The idea of postmodernism came from honesty and realization, that we are not living in a perfect society. It’s all about truth. As time goes people get bored of what’s in front of them and they crave for something modern, something new. New technology, new society, new political ideas etc. Not long time ago, people had this image in their head of perfect life or like a perfect world – “utopia”, which is quiet impossible to reach and doesn’t always lead to success and because of that people had to learn how to deal with the idea of the future being not so bright as they imagined – “dystopia”. It’s like yin-yang, where “yin” is people living in past, living this organic “perfect” life, it’s almost like a non-existent society, it’s utopia, it’s a dream, it’s a brainwash. And “yang” is the complete opposite, it’s reality, it’s a modern change that brings dystopia. So to sum up, postmodernism is a way of thinking about culture, architecture, art, philosophy and many other things. Like any other art movements it has it’s mind games.Postmodernism says that there is no real truth. It says that knowledge is always made or invented and not discovered. Because knowledge is made by people, a person cannot know something with certainty – all ideas and facts are ‘believed’ instead of ‘known’. People believe that they know what the truth is, but they will think that the truth is something different later. This is the opposite of ‘objectivity’, which says that the truth is always there and people have to discover it.

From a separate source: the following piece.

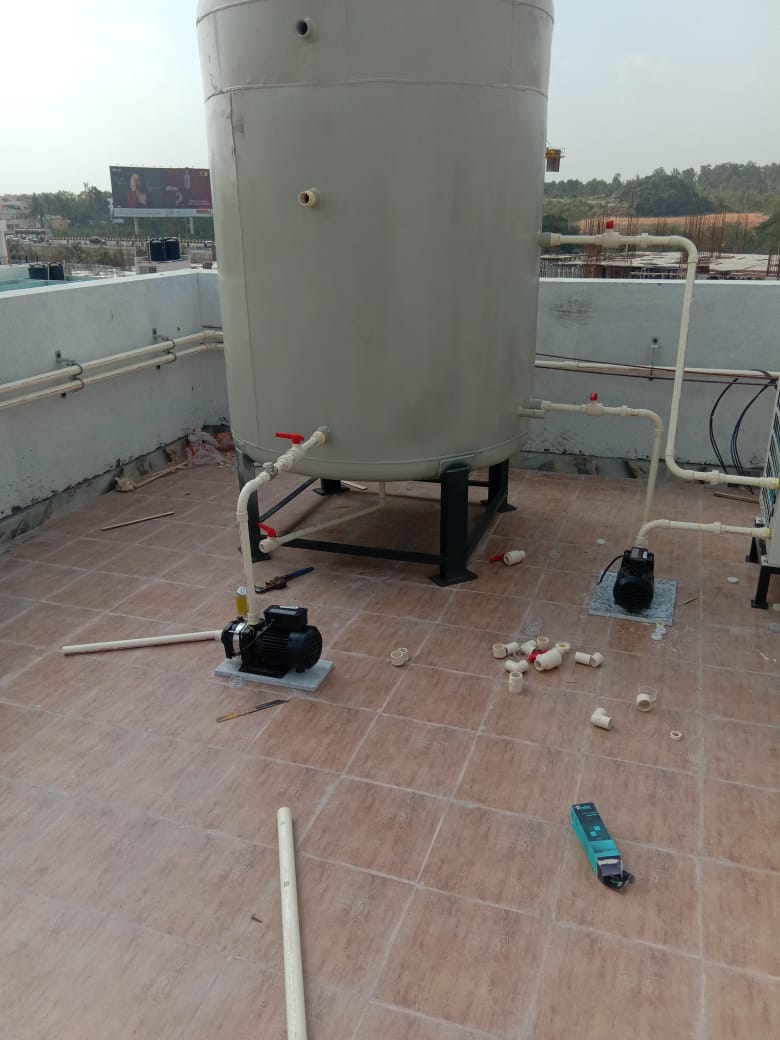 Heat pump with tank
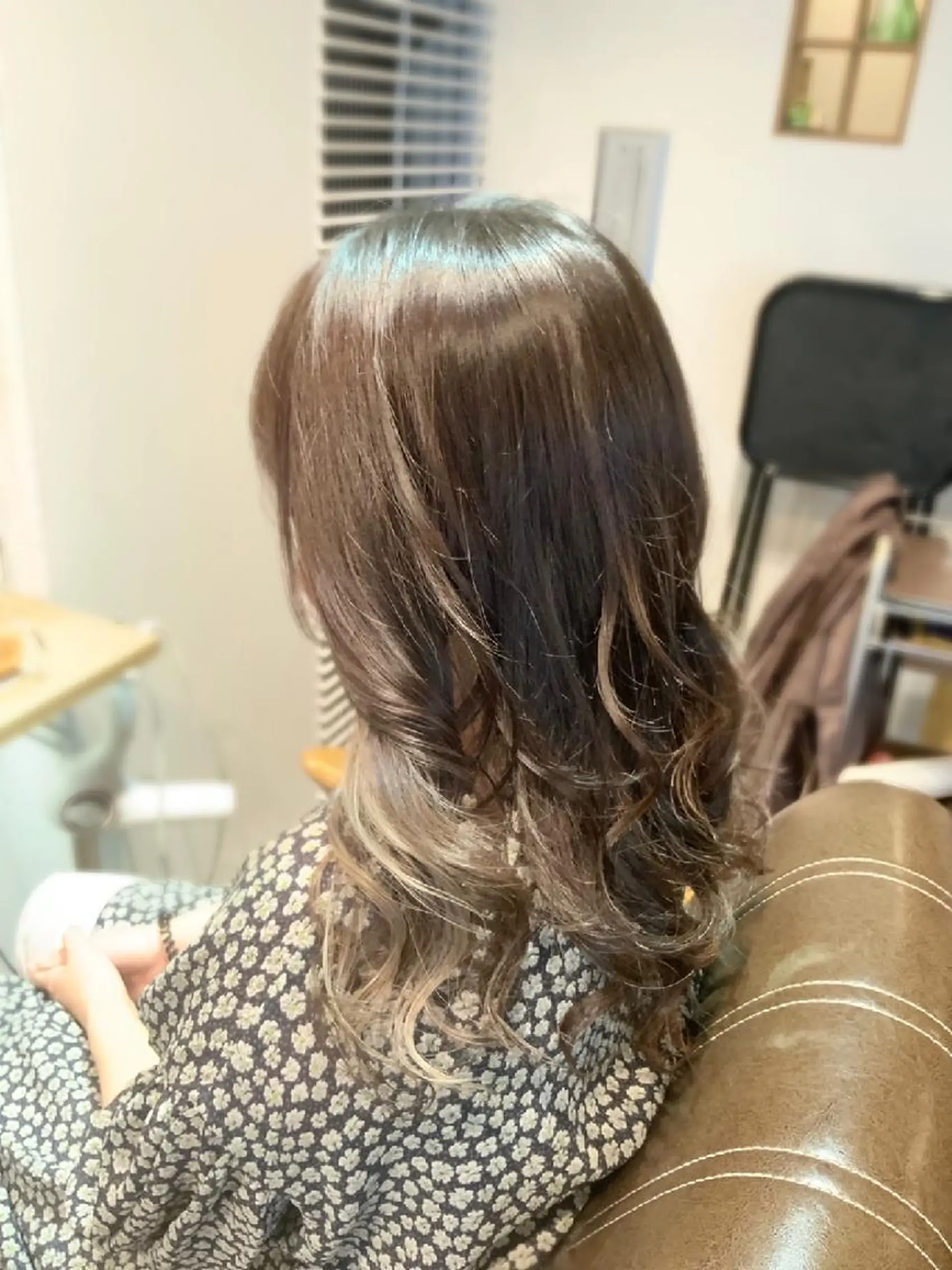 カラー ベージュカラー ブリーチ グレージュ ホワイトベージュ ヘアカラー 堀 望美のヘアスタイル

A really good example would be Alessandro Mendini’s destruction of Lassu chair, 1974. He used a very basic thing like a chair to show how ideal modernist form is being destroyed (by fire in this case). So he set this chair on fire and took photographs of the whole process. The burning chair symbolizes destruction of the past, it’s no longer just a functional object, it goes beyond the functional and announces a new moment in design: something is being burned but something new may grow from the ashes.
The other example of postmodernism but in movie production industry is Ridley Scott’s 1982 film Blade Runner.
Time was set in Los Angeles 2019 and the idea is that harrison Ford as a detective hunts down wayward “replicants”, androids with superhuman abilities. Some of there artificial humans do not know that they are synthetic – and are horrified to discover that their memories and personalities are implanted. The film uses it as a metaphor for the postmodern condition in general. The suggestion is that we are all “manufactured” by the advertisements we see, the space of the cities we live in, the television shows we watch. Our very identities have become artificial.